>>>

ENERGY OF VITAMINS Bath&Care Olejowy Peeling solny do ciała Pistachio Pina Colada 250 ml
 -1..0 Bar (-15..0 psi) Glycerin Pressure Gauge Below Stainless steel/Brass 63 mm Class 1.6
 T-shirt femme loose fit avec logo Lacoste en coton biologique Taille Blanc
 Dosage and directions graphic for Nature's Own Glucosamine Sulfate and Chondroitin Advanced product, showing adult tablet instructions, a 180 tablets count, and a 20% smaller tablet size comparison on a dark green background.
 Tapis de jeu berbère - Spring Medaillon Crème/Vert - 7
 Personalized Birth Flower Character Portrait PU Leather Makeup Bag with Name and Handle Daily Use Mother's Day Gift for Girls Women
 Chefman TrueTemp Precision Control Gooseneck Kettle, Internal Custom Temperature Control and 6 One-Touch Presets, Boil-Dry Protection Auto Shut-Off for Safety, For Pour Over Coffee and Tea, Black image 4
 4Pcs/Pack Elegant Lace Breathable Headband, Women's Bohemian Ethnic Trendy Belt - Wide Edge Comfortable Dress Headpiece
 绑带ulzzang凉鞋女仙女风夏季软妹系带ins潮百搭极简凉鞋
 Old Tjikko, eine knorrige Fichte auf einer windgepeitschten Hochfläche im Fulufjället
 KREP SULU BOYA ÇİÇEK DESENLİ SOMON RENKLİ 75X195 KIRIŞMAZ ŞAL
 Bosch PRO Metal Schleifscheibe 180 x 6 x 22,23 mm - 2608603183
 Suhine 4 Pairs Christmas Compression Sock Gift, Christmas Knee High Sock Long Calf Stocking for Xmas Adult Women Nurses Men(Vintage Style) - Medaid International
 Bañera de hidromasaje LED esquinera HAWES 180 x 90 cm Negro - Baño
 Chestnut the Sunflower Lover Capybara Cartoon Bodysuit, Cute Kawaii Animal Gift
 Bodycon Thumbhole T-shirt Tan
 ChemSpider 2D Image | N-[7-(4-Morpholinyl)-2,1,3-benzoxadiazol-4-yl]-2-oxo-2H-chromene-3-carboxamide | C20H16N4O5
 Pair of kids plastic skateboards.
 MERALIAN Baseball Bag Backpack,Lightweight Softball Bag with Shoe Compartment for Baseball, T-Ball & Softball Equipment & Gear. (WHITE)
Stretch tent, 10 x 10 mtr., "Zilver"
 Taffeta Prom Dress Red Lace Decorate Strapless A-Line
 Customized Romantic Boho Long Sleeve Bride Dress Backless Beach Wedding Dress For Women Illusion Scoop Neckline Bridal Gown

<<<

--- Instructions to follow ---
All the lines above must be output exactly, with none omitted.

--- Exercise output ---
ENERGY OF VITAMINS Bath&Care Olejowy Peeling solny do ciała Pistachio Pina Colada 250 ml
 -1..0 Bar (-15..0 psi) Glycerin Pressure Gauge Below Stainless steel/Brass 63 mm Class 1.6
 T-shirt femme loose fit avec logo Lacoste en coton biologique Taille Blanc
 Dosage and directions graphic for Nature's Own Glucosamine Sulfate and Chondroitin Advanced product, showing adult tablet instructions, a 180 tablets count, and a 20% smaller tablet size comparison on a dark green background.
 Tapis de jeu berbère - Spring Medaillon Crème/Vert - 7
 Personalized Birth Flower Character Portrait PU Leather Makeup Bag with Name and Handle Daily Use Mother's Day Gift for Girls Women
 Chefman TrueTemp Precision Control Gooseneck Kettle, Internal Custom Temperature Control and 6 One-Touch Presets, Boil-Dry Protection Auto Shut-Off for Safety, For Pour Over Coffee and Tea, Black image 4
 4Pcs/Pack Elegant Lace Breathable Headband, Women's Bohemian Ethnic Trendy Belt - Wide Edge Comfortable Dress Headpiece
 绑带ulzzang凉鞋女仙女风夏季软妹系带ins潮百搭极简凉鞋
 Old Tjikko, eine knorrige Fichte auf einer windgepeitschten Hochfläche im Fulufjället
 KREP SULU BOYA ÇİÇEK DESENLİ SOMON RENKLİ 75X195 KIRIŞMAZ ŞAL
 Bosch PRO Metal Schleifscheibe 180 x 6 x 22,23 mm - 2608603183
 Suhine 4 Pairs Christmas Compression Sock Gift, Christmas Knee High Sock Long Calf Stocking for Xmas Adult Women Nurses Men(Vintage Style) - Medaid International
 Bañera de hidromasaje LED esquinera HAWES 180 x 90 cm Negro - Baño
 Chestnut the Sunflower Lover Capybara Cartoon Bodysuit, Cute Kawaii Animal Gift
 Bodycon Thumbhole T-shirt Tan
 ChemSpider 2D Image | N-[7-(4-Morpholinyl)-2,1,3-benzoxadiazol-4-yl]-2-oxo-2H-chromene-3-carboxamide | C20H16N4O5
 Pair of kids plastic skateboards.
 MERALIAN Baseball Bag Backpack,Lightweight Softball Bag with Shoe Compartment for Baseball, T-Ball & Softball Equipment & Gear. (WHITE)
Stretch tent, 10 x 10 mtr., "Zilver"
 Taffeta Prom Dress Red Lace Decorate Strapless A-Line
 Customized Romantic Boho Long Sleeve Bride Dress Backless Beach Wedding Dress For Women Illusion Scoop Neckline Bridal Gown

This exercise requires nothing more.